Abstract

Chaetocin is a fungal mycotoxin that extensively found in various natural products and has anticancer and anti‑inflammatory activities. Herein, the anticancer effects of chaetocin against the progression of neuroblastoma were studied with SHSY-5Y human neuroblastoma cells and examined the underlying molecular mechanisms. The effects of chaetocin on cellular viability, apoptosis, cell migration, and invasion were investigated. The underlying mechanism of anticancer effects of chaetocin was found to mediate via activating JAK2/STAT3 signaling pathway. Furthermore, when SHSY-5Y cells were exposed to a higher concentration of chaetocin, the induction of cell apoptosis significantly increased by enhancing the expression of pro-apoptotic protein Bcl-2, resulting in anticancer activity against neuroblastoma. In addition, chaetocin significantly decreased the SHSY-5Y cell invasion and migration at 50μM treatment. Moreover, it was shown that increasing chaetocin treatments greatly decreased the activity of proteins connected to the JAK2/STAT3 signaling pathway.

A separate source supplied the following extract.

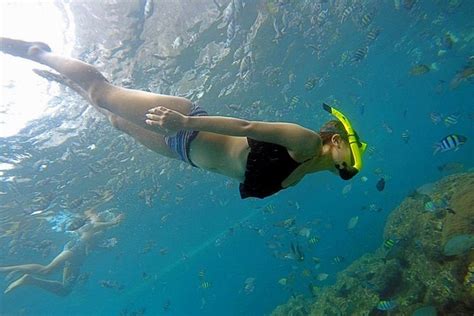 From Phuket Full Day Phi Phi Island Snorkeling Tour | Triptipedia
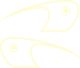 KEDO Classic Fuel Tank Decal, creme, Left/Right complete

In conclusion, chaetocin exhibits a diverse range of actions on neuroblastoma cells, including the inhibition of proliferation, induction of apoptosis, perturbation of cellular morphology, and modulation of critical signaling pathways, with a specific focus on the JAK/STAT3 pathway. These results contribute valuable insights that underscore the potential therapeutic utility of chaetocin in the context of neuroblastoma treatment, suggesting its multifaceted impact on key cellular processes involved in cancer progression.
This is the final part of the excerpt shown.